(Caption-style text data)
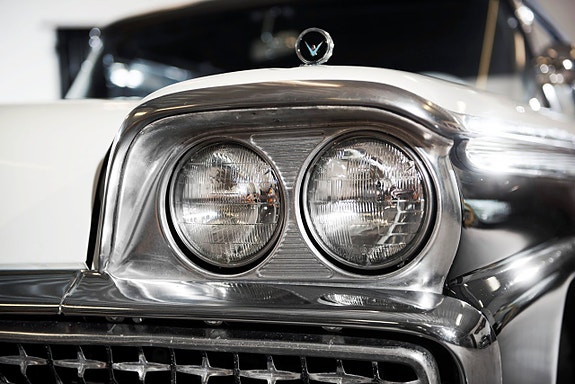 Ford Galaxie 3 of 5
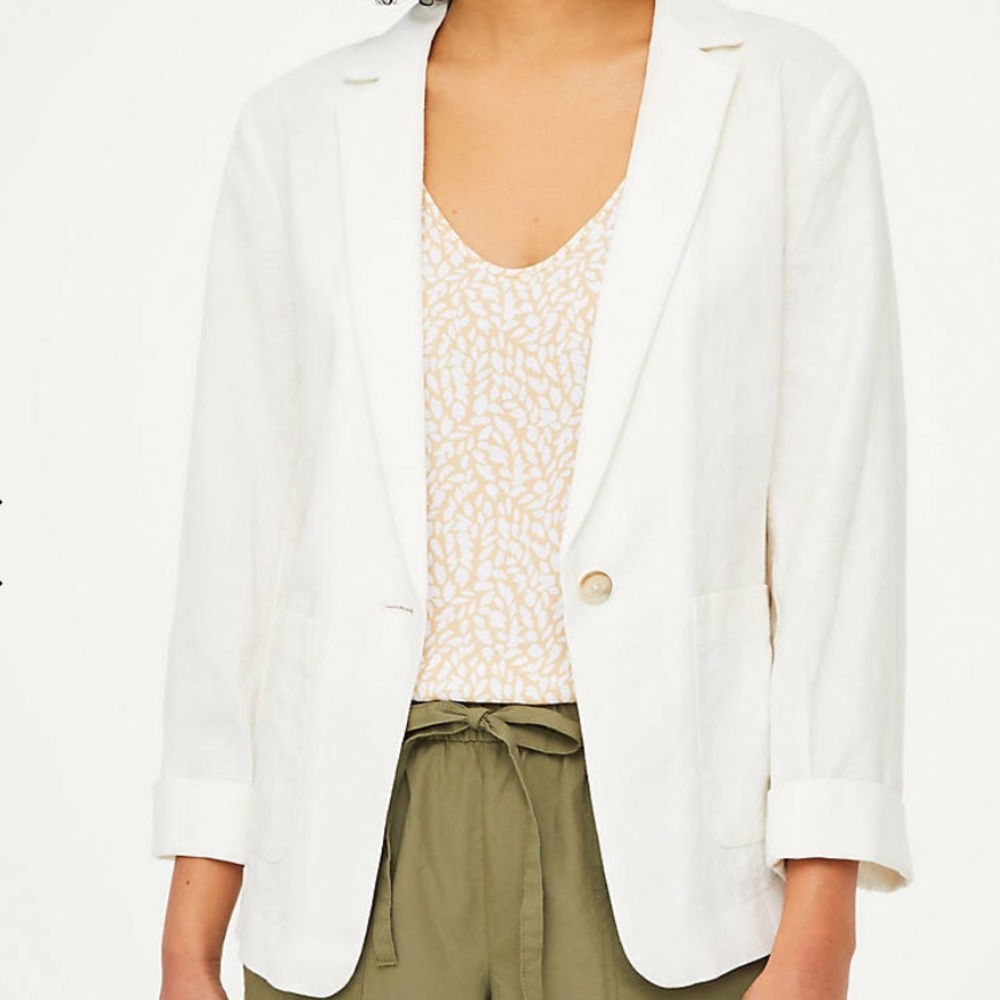 Eddie Bauer women’s travel blazer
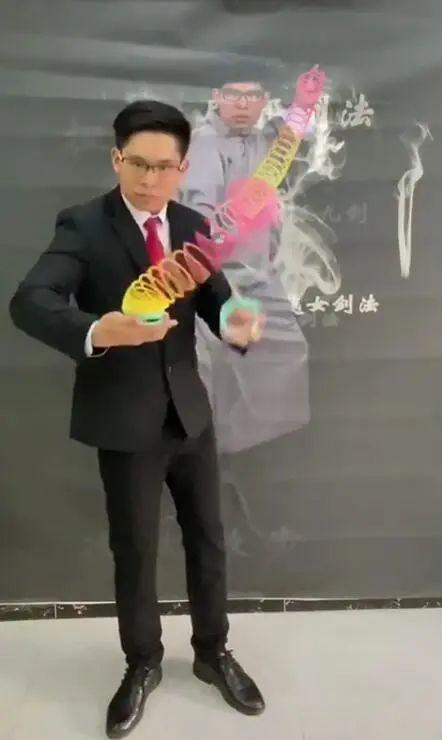 东莞小哥玩彩虹圈玩出开挂人生!摆地摊日赚4万，刚还娶了个漂亮老婆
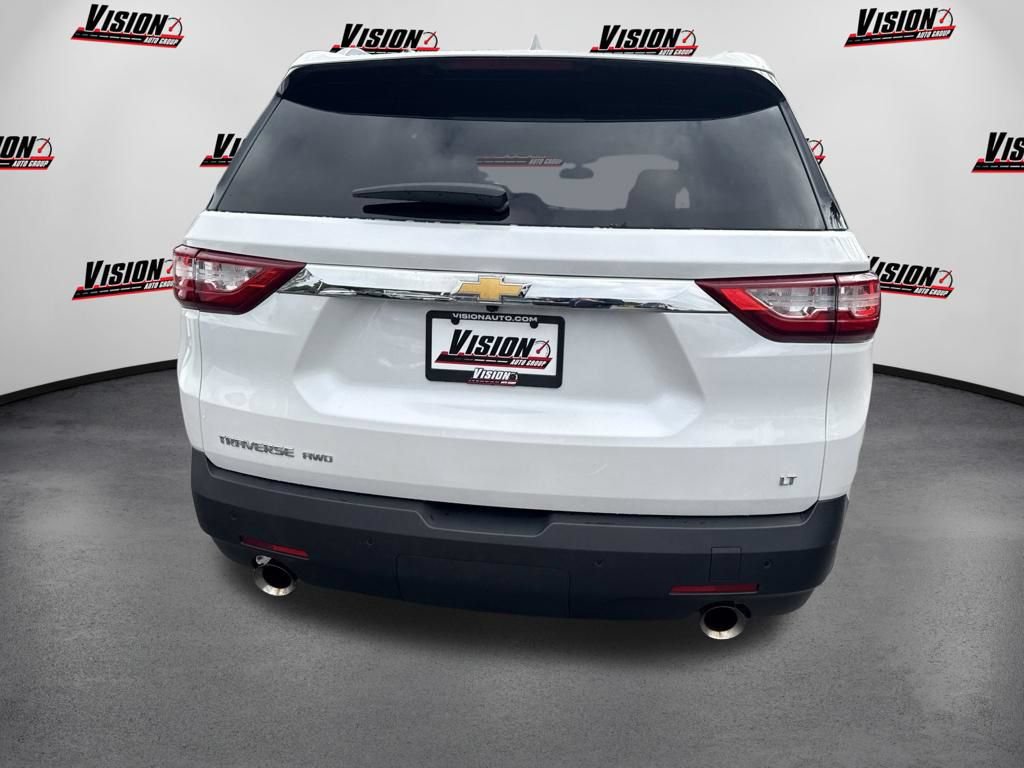Used 2018 Chevrolet Traverse LT w/ LPO, Floor Liner Package AWD/4WD image 7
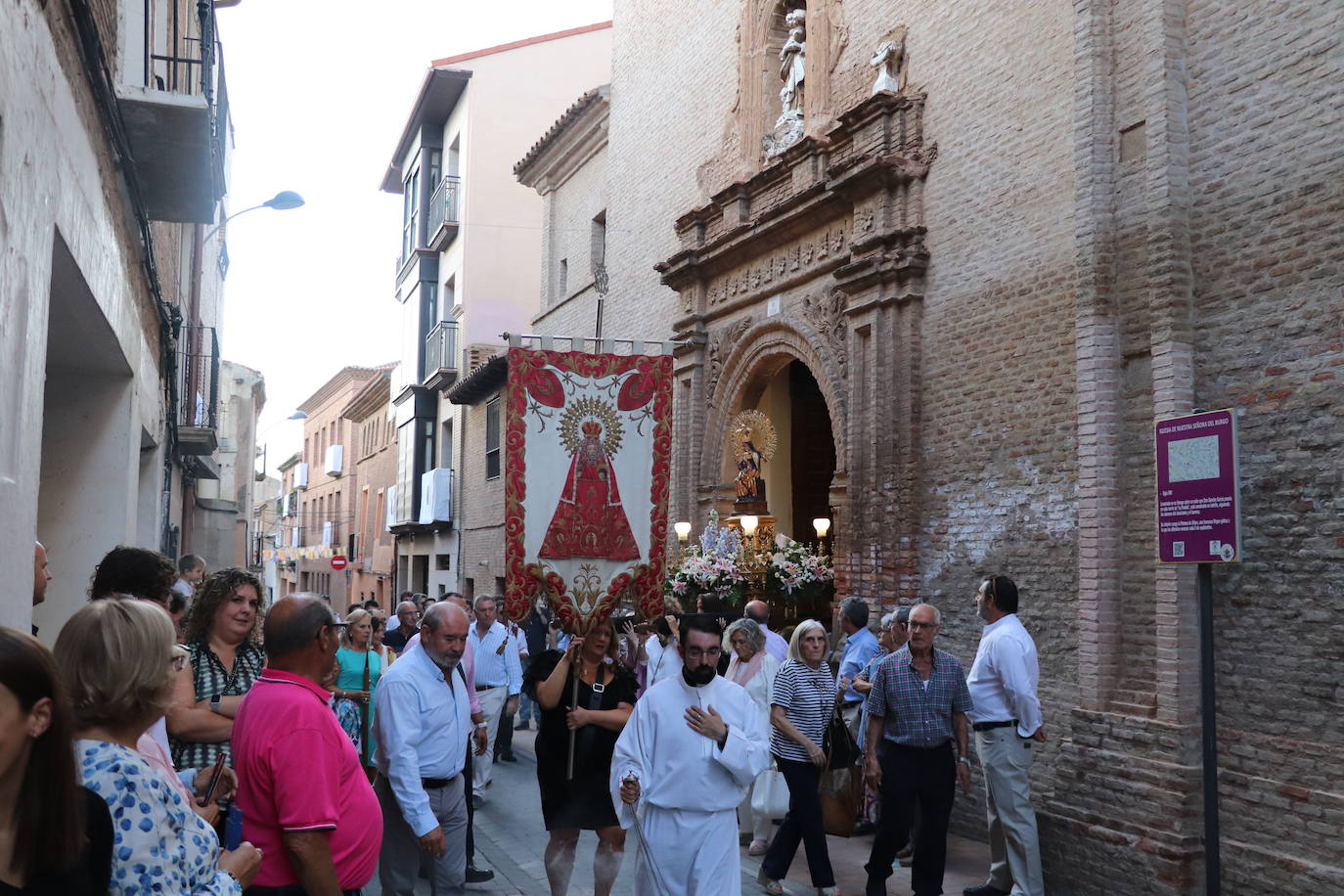 Fotos: Los alfareños honran a la Virgen del Burgo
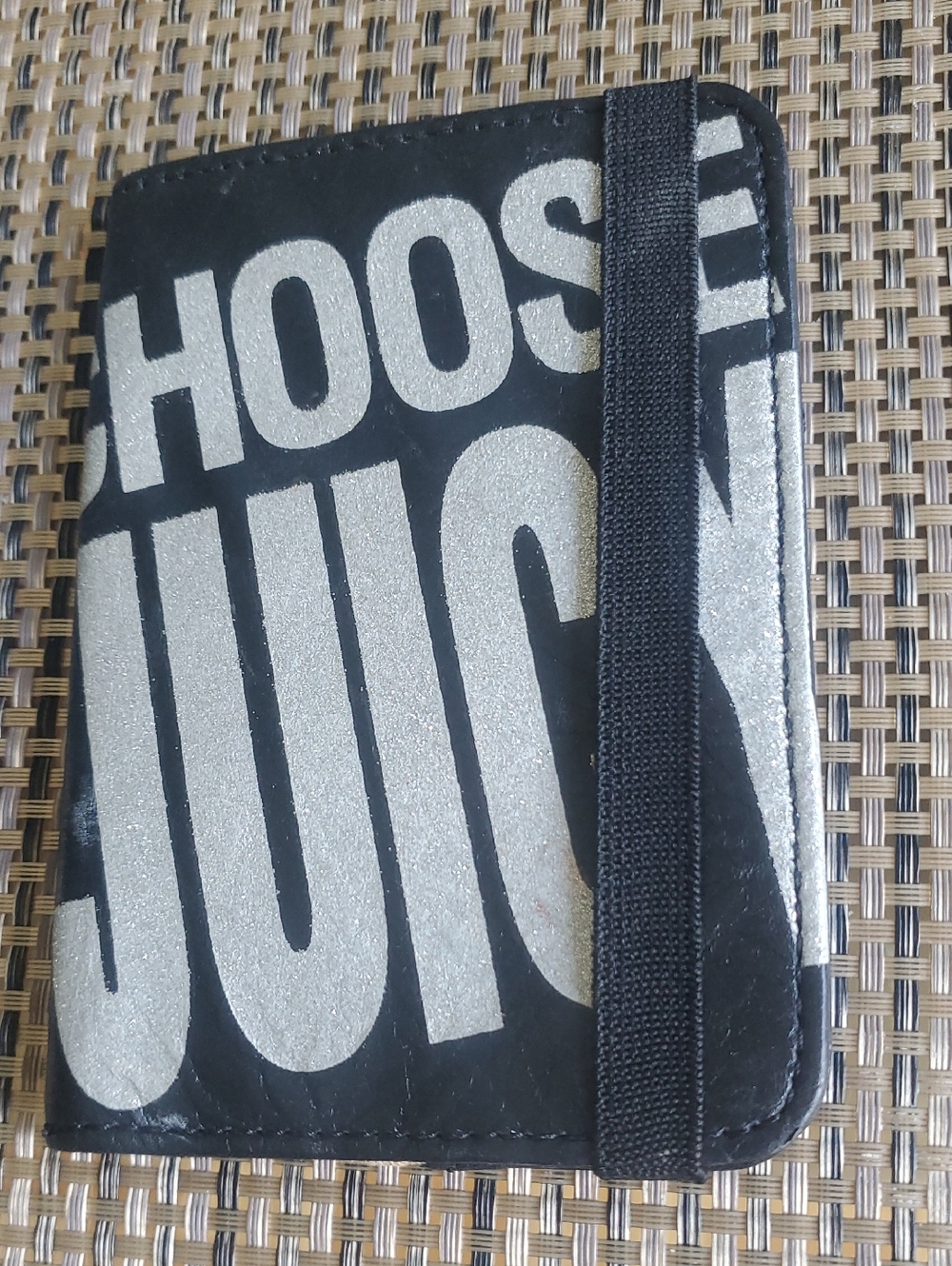 Vintage Juicy Couture Silver Glitter CHOOSE JUICY Leather Passport Wallet - Picture 3 of 13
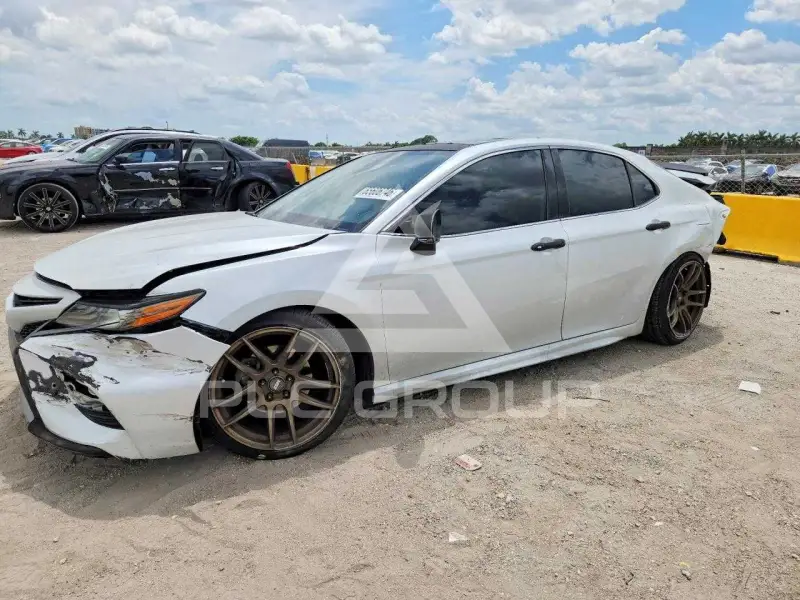 2019 Toyota CAMRY фото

> **WHAT IS NEEDED**
Each record above should be copied character for character, with pictures dropped.

> **WRITTEN SOLUTION**
 Ford Galaxie 3 of 5
 Eddie Bauer women’s travel blazer
 东莞小哥玩彩虹圈玩出开挂人生!摆地摊日赚4万，刚还娶了个漂亮老婆
Used 2018 Chevrolet Traverse LT w/ LPO, Floor Liner Package AWD/4WD image 7
 Fotos: Los alfareños honran a la Virgen del Burgo
 Vintage Juicy Couture Silver Glitter CHOOSE JUICY Leather Passport Wallet - Picture 3 of 13
 2019 Toyota CAMRY фото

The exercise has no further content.